» Task description
Make an exact copy of the listing underneath, skipping each picture.

+ + +

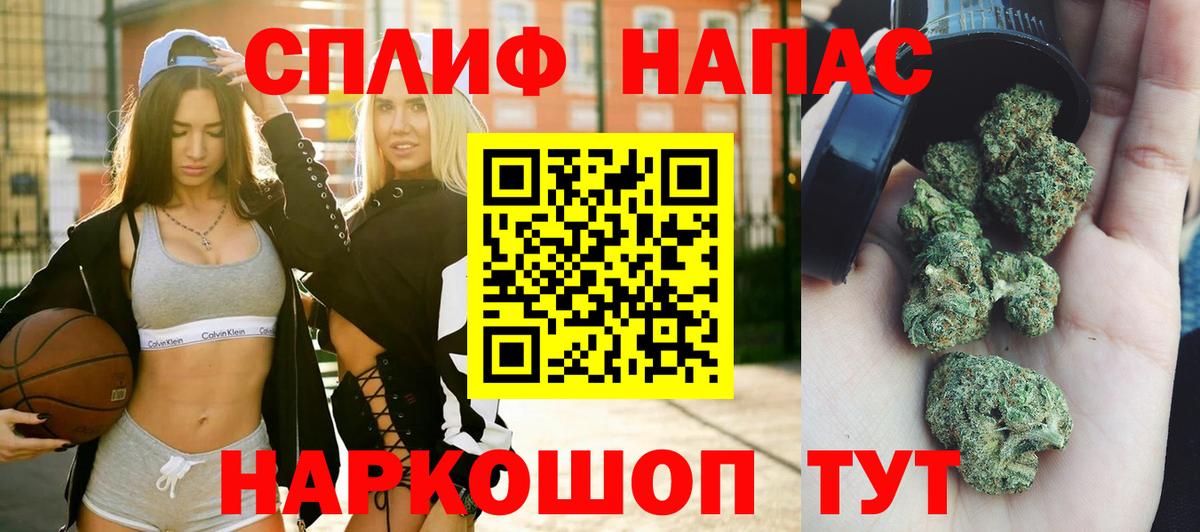 Конопля марихуана Амурск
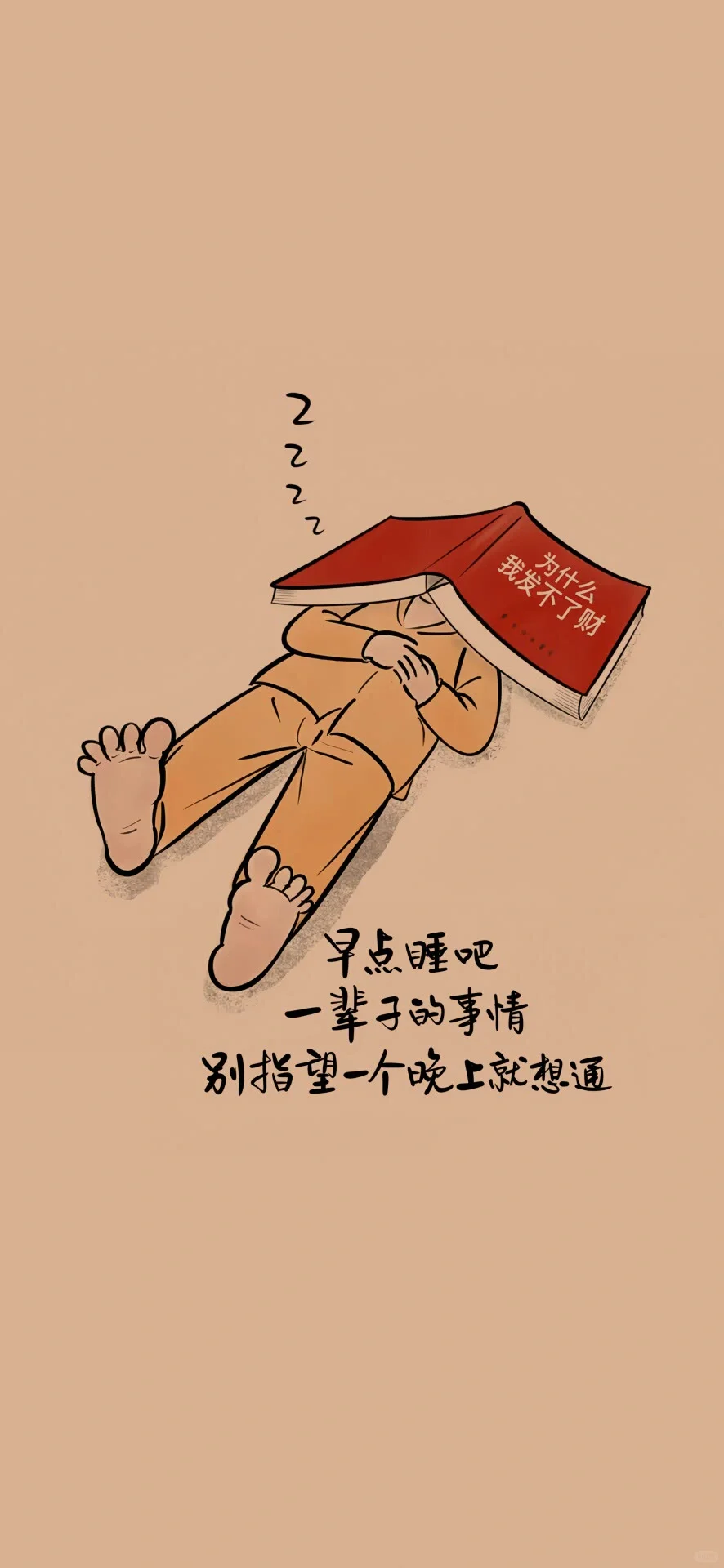余1%电量也要换的壁纸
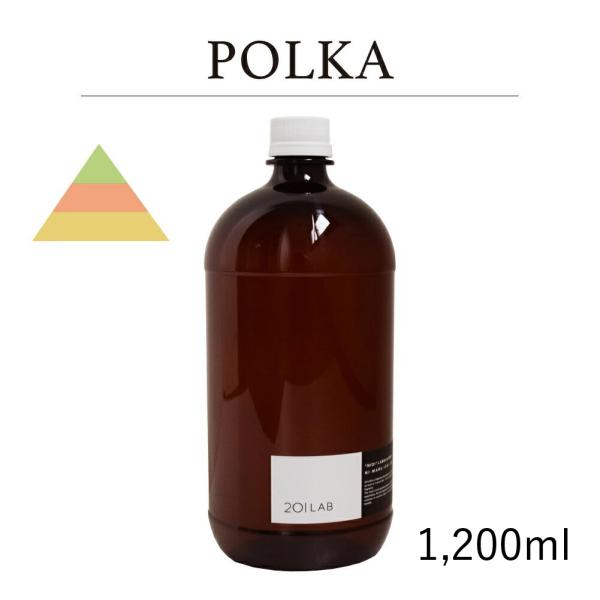 リードディフューザーオイル 1,200ml POLKA - ポルカ / 201LAB ニーマルイチラ...
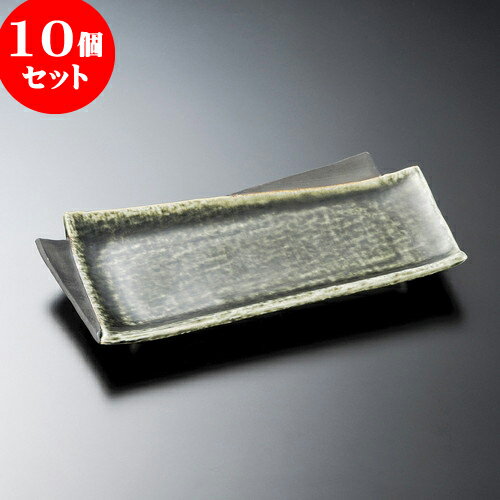 10個セット松花堂桃山織部松花堂長...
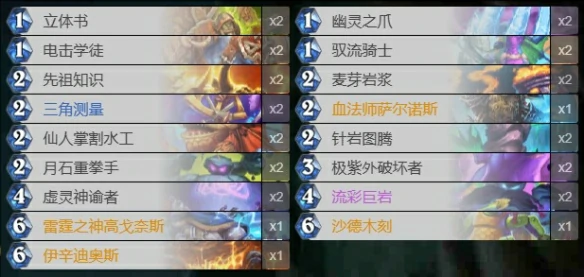 bug套牌选哪一个,炉石传说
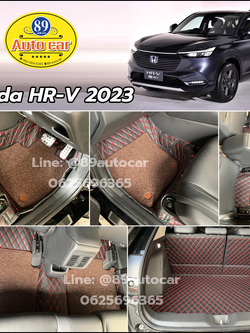 Honda HR-V (ฮอนด้า เอชอาร์วี) 2023 ปูพรมVVIP สีดำด้ายแดง เสริมไวนิลดักฝุ่นสีน้ำตาล เต็มคัน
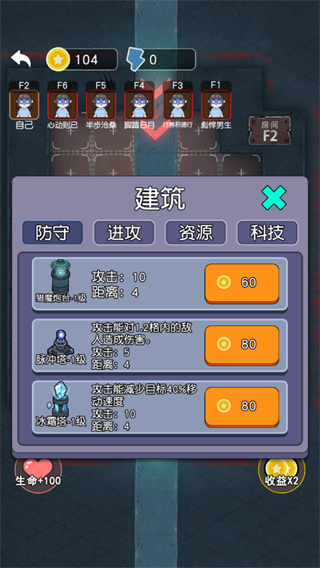 攻守兼备图1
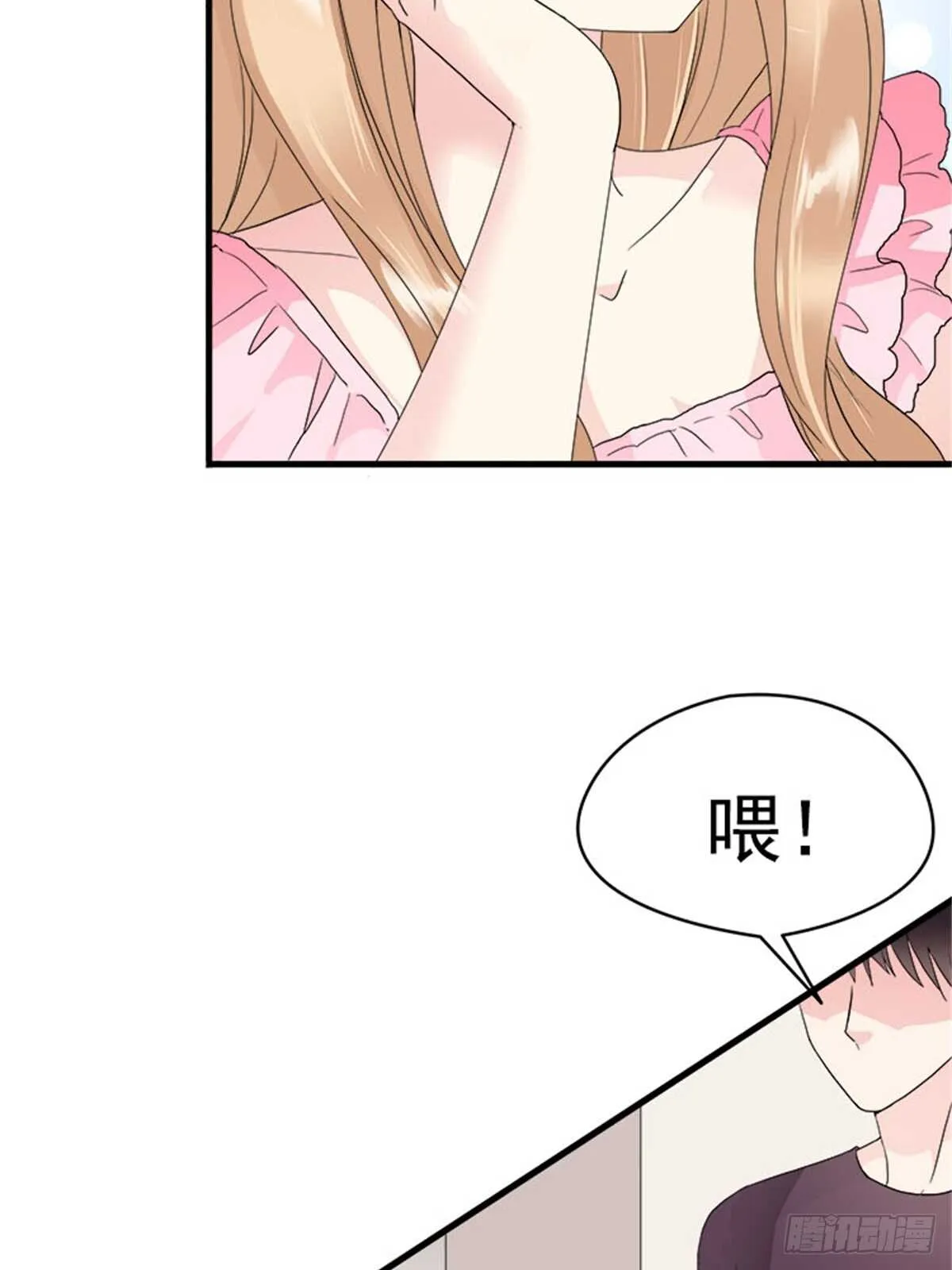 第十二话 高考（中篇） 第6页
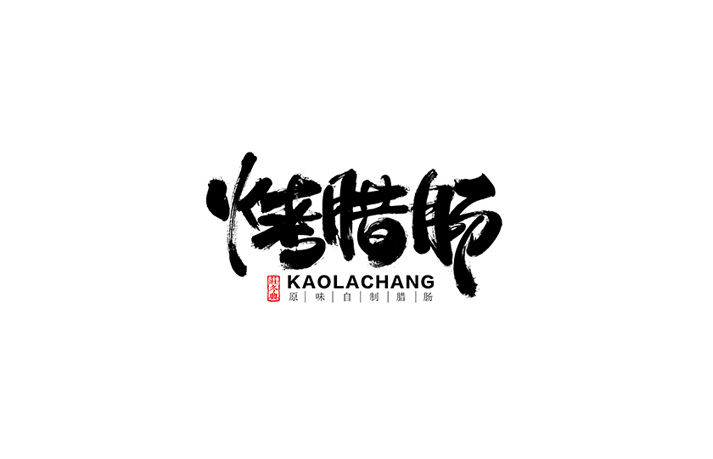 烤腊肠书法字体设计LOGO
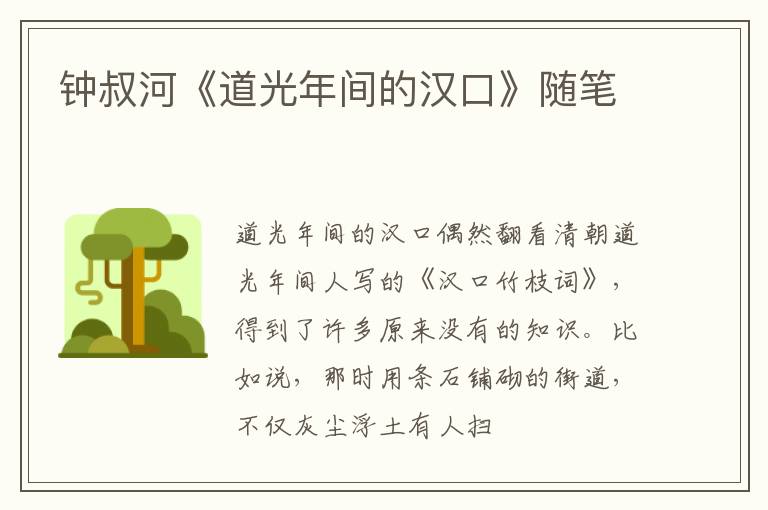  钟叔河《道光年间的汉口》随笔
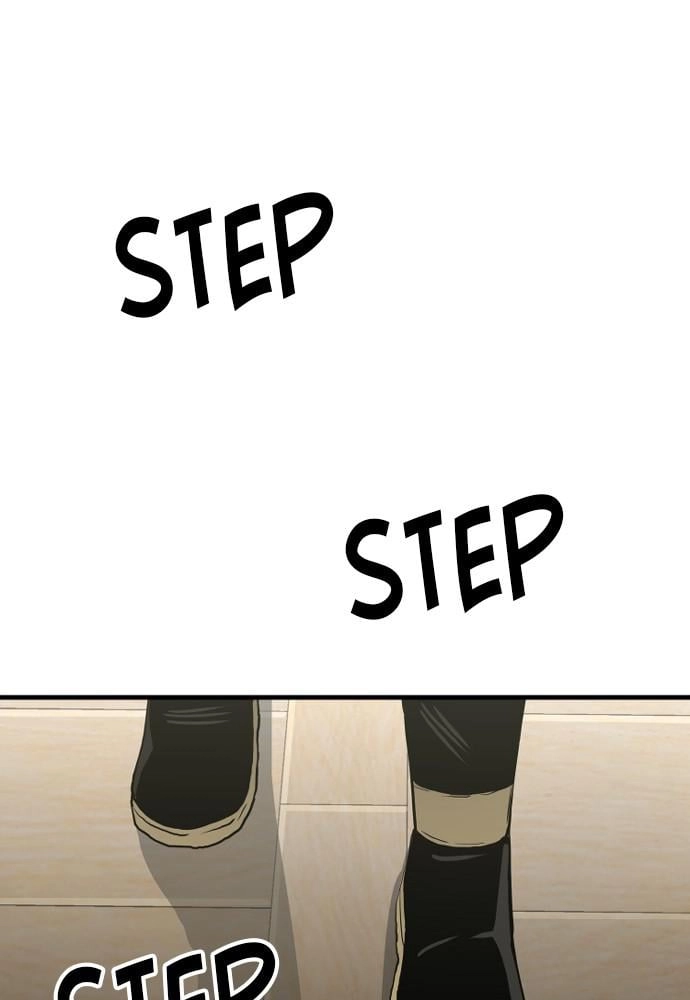 Murim RPG Simulation Chapter 11 Page 143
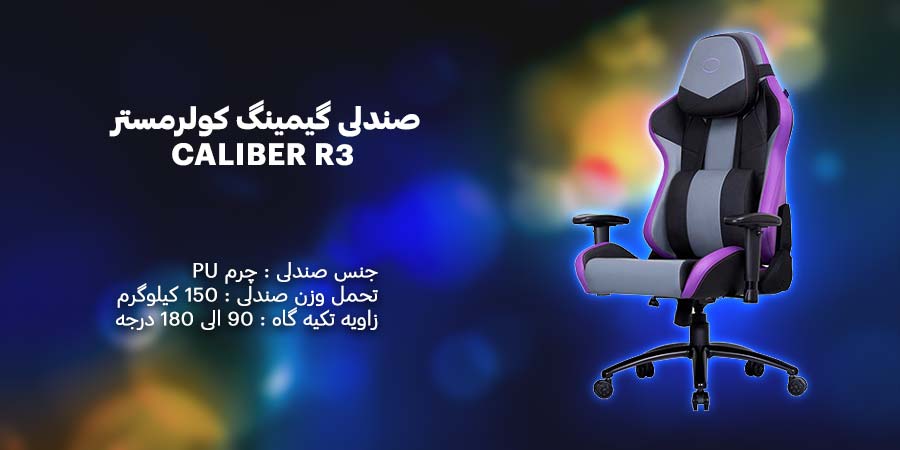 صندلی گیمینگ کولرمستر مدل CALIBER R3 دارای دسته های 2 بعدی قابل تنظیم با پایه های مستحکم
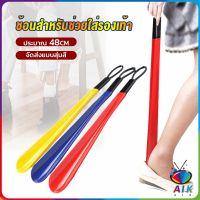 AIK ที่ดึงรองเท้า แบบพลาสติก ไม่หย่อนคล้อย จัดส่งแบบคละสี shoehorn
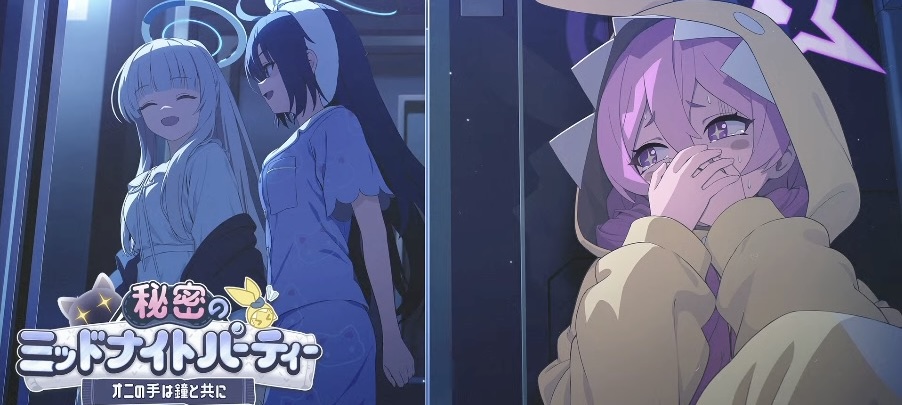 新イベント「秘密のミッドナイトパーティー」が開催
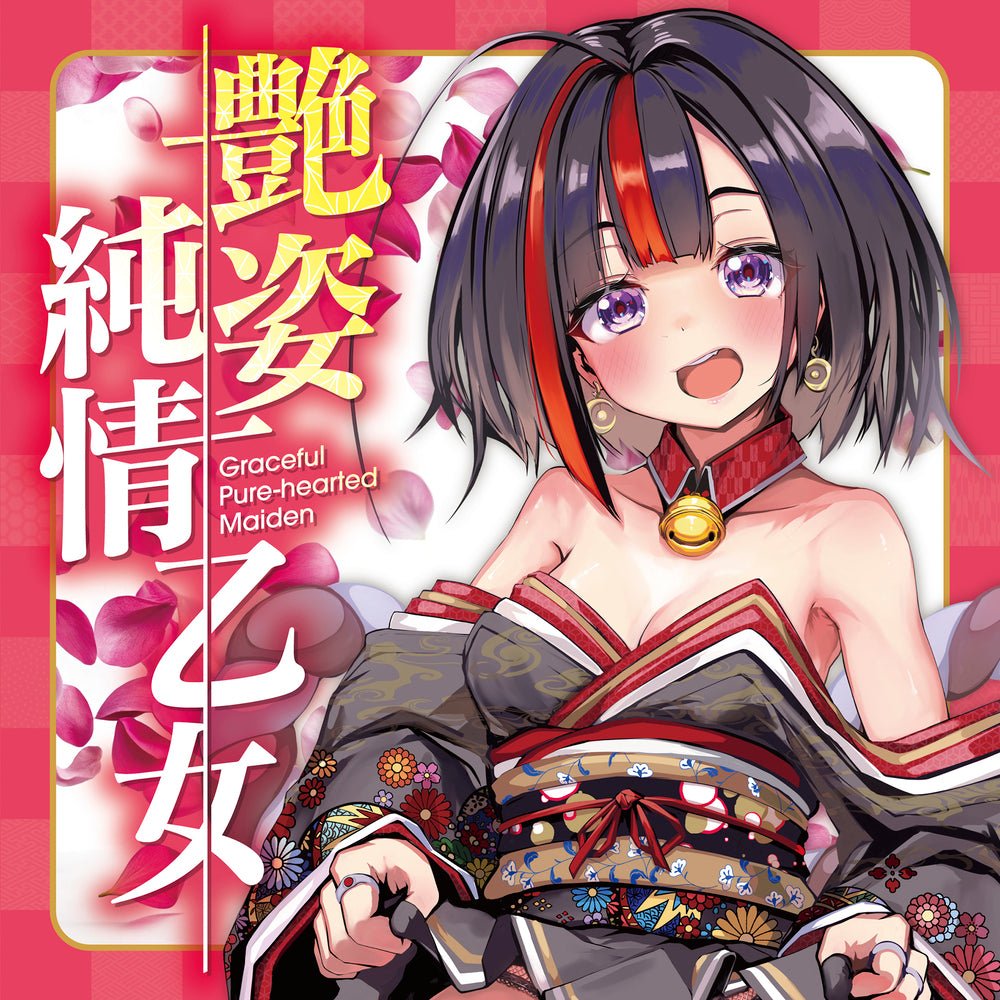 Maccos Japan Graceful Pure-hearted Girl Dual-Entrance Onahip - Onahole World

+ + +

» Task result
 Конопля марихуана Амурск
余1%电量也要换的壁纸
 リードディフューザーオイル 1,200ml POLKA - ポルカ / 201LAB ニーマルイチラ...
 10個セット松花堂桃山織部松花堂長...
 bug套牌选哪一个,炉石传说
 Honda HR-V (ฮอนด้า เอชอาร์วี) 2023 ปูพรมVVIP สีดำด้ายแดง เสริมไวนิลดักฝุ่นสีน้ำตาล เต็มคัน
 攻守兼备图1
 第十二话 高考（中篇） 第6页
 烤腊肠书法字体设计LOGO
  钟叔河《道光年间的汉口》随笔
 Murim RPG Simulation Chapter 11 Page 143
 صندلی گیمینگ کولرمستر مدل CALIBER R3 دارای دسته های 2 بعدی قابل تنظیم با پایه های مستحکم
 AIK ที่ดึงรองเท้า แบบพลาสติก ไม่หย่อนคล้อย จัดส่งแบบคละสี shoehorn
 新イベント「秘密のミッドナイトパーティー」が開催
 Maccos Japan Graceful Pure-hearted Girl Dual-Entrance Onahip - Onahole World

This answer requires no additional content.